Pixel shifting refers to various technical methods, either to diminish damage to displays by preventing "burn in" of static images or to enhance resolution of displays, projectors, and digital imaging devices. The term is often used synonymously with the more specific term pixel shift.

Purposes

Avoid burn-in 
See Pixel shifting avoids burn-in explained in detail for both analogue and digital screens.

Enhance character display resolution on terminals 
Computer terminals such as the HP 2645A used a half-shift algorithm to move pixel positions by half a screen pixel in order to support the generation of multiple complex character sets.

Increase projection resolution 
Pixel shifting has been implemented in video projectors to expand the native 1080p resolution to produce an effectively 4K image on the screen. An exemplary implementation by the electronics corporation JVC is referred to as "e-shift".

Increase capture and/or tonal resolution 

Pixel shifting by movement of one or more sensors is a technique to increase resolution and/or colour rendering of image capturing devices. 
 The image at right displays the visible gain both in detail and in colour resolution produced by the Sony α7R IV 16-shot pixel shift mode, which results in a 240 Mpixel image, as compared to a single shot with the standard sensor resolution of 61 Mpixel. The crops taken from each image display the coat of arms at exactly the same size, albeit with different pixel counts.

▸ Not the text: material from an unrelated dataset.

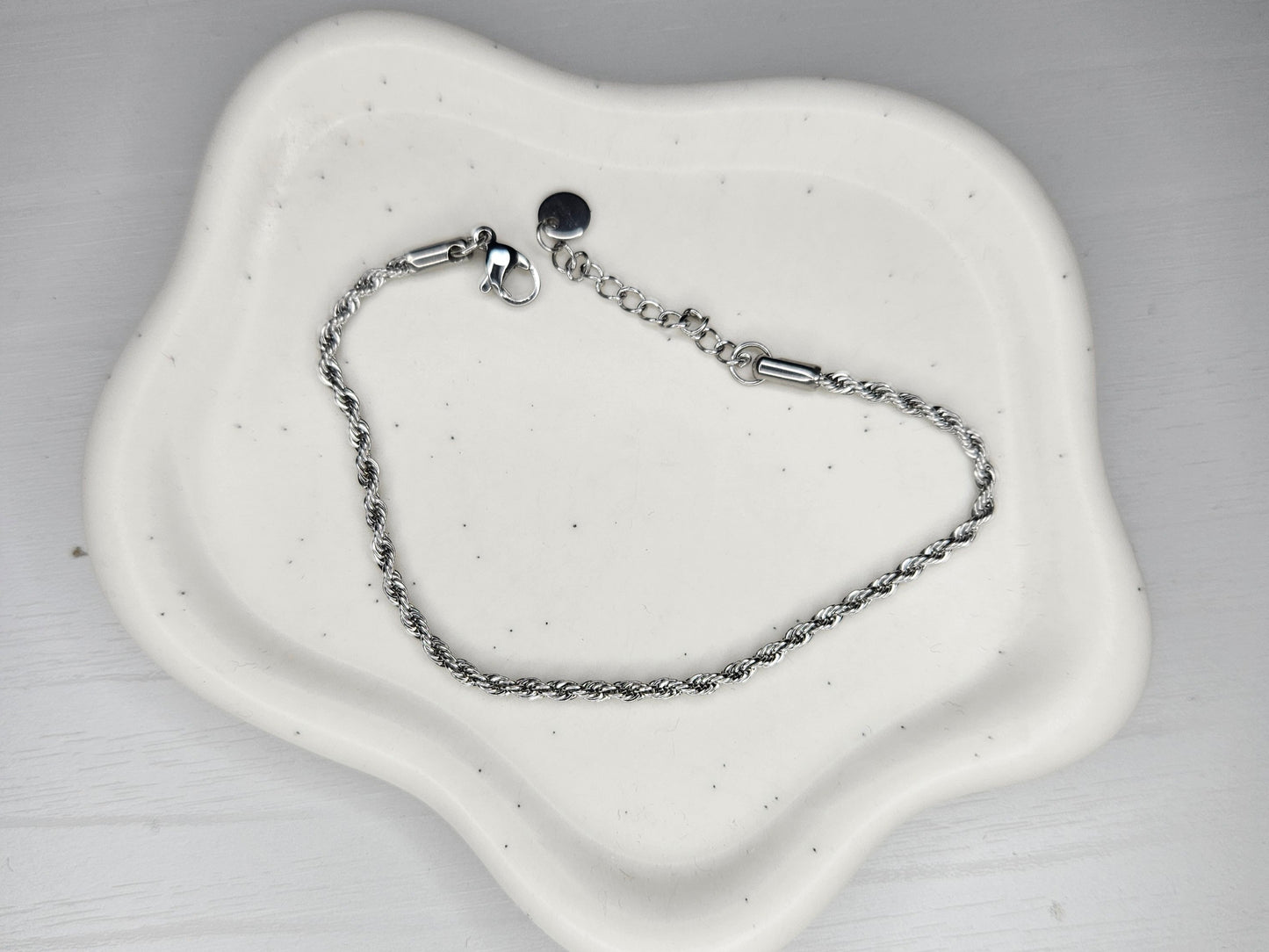 Bracciale Intreccio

One or more separate color channel sensors  
Some camcorders and digital microscopes employ separate color channel sensors (usually RGB = red, green, blue) sensors. 
 Pixel shifting may be implemented for one or more of these sensors by moving such a sensor by a fraction of a pixel (or even a whole pixel value) in both x- and y-direction.  
 For example, early high-definition camcorders used a 3CCD sensor block of 960 × 540 pixels each.  Shifting the red and blue sensors (but not the green sensor) by 0.5 pixel in both vertical and horizontal directions permitted the recovery of a 1920 × 1080 luminance signal.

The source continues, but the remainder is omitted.